2. Now I can make 2nd API call to get timelines for containers which were launched with the app attempt ID using the following call

curl -s -X GET --negotiate <timelineserver:port>/ws/v1/applicationhistory/apps/<app_id>/appattempts/<appattemptid>/containers

Taking above example -

curl -s -X GET --negotiate http://sandbox-hdp.hortonworks.com:8188/ws/v1/applicationhistory/apps/application_1544447997568_0005...

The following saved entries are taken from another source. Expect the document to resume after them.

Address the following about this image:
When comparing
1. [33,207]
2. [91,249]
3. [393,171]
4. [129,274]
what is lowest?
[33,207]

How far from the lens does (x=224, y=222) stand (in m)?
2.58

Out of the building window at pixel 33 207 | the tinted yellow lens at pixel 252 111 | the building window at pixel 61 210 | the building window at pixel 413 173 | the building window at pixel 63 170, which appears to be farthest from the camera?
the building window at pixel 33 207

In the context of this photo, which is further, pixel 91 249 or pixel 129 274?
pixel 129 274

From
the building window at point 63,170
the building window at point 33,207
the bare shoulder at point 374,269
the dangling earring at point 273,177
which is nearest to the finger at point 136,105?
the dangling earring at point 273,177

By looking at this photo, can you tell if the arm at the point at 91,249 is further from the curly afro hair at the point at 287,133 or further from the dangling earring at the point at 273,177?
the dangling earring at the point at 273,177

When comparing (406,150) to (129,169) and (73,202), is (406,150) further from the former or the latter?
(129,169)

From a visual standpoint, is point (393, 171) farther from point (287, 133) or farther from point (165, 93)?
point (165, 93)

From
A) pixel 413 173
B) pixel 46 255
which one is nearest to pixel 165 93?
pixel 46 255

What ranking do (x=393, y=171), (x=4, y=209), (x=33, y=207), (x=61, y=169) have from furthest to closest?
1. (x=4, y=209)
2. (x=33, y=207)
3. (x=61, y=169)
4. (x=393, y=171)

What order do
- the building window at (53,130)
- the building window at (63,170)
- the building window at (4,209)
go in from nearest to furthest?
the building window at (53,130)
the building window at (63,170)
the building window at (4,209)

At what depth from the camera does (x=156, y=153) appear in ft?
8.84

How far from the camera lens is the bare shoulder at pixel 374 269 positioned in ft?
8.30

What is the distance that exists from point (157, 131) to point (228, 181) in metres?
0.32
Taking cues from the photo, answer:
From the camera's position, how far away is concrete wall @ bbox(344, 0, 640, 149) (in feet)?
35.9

{"container":[{"containerId":"container_1544447997568_0005_01_000001","allocatedMB":1000,"allocatedVCores":1,"assignedNodeId":"sandbox-hdp.hortonworks.com:45454","priority":0,"startedTime":1544541158902,"finishedTime":1544541742922,"elapsedTime":584020,"diagnosticsInfo":"","logUrl":"http://sandbox-hdp.hortonworks.com:8188/applicationhistory/logs/sandbox-hdp.hortonworks.com:45454/container_1544447997568_0005_01_000001/container_1544447997568_0005_01_000001/root","containerExitStatus":0,"containerState":"COMPLETE","nodeHttpAddress":"http://sandbox-hdp.hortonworks.com:8042","nodeId":"sandbox-hdp.hortonworks.com:45454"}]}

I can see the container startedTime using this call which is 1544541158902

I can use this to deduce Wait time between when the job started i.e. 1544540416958 and when the job's first container launched i.e. 1544541158902

Difference between these 2 timestamps i.e. 741944 ms i.e. 741 seconds i.e. 12.30 mins roughly

Upon checking yarn application logs of the same application ID, I can deduce the timelines roughly matches -

18/12/11 15:00:19 INFO Client: Application report for application_1544447997568_0005 (state: ACCEPTED)                                    18/12/11 15:00:20 INFO Client: Application report for application_1544447997568_0005 (state: ACCEPTED)                                    18/12/11 15:00:21 INFO Client: Application report for application_1544447997568_0005 (state: ACCEPTED)                                    18/12/11 15:00:22 INFO Client: Application report for application_1544447997568_0005 (state: ACCEPTED)                                    18/12/11 15:00:23 INFO Client: Application report for application_1544447997568_0005 (state: ACCEPTED)   
....................................
18/12/11 15:13:12 INFO YarnClientSchedulerBackend: Add WebUI Filter. org.apache.hadoop.yarn.server.webproxy.amfilter.AmIpFilter, Map(PROXY_HOSTS -> sandbox-hdp.hortonworks.com, PROXY_URI_BASES -> http://sandbox-hdp.hortonworks.com:8088/proxy/application_1544447997
568_0005), /proxy/application_1544447997568_0005                                                                                          18/12/11 15:13:12 INFO JettyUtils: Adding filter: org.apache.hadoop.yarn.server.webproxy.amfilter.AmIpFilter                              18/12/11 15:13:13 INFO Client: Application report for application_1544447997568_0005 (state: ACCEPTED)                                    18/12/11 15:13:14 INFO YarnSchedulerBackend$YarnSchedulerEndpoint: ApplicationMaster registered as NettyRpcEndpointRef(spark-client://YarnAM)                                                                                                                           
18/12/11 15:13:14 INFO Client: Application report for application_1544447997568_0005 (state: RUNNING)

Hope I am on right path, and it might help someone who is looking for same.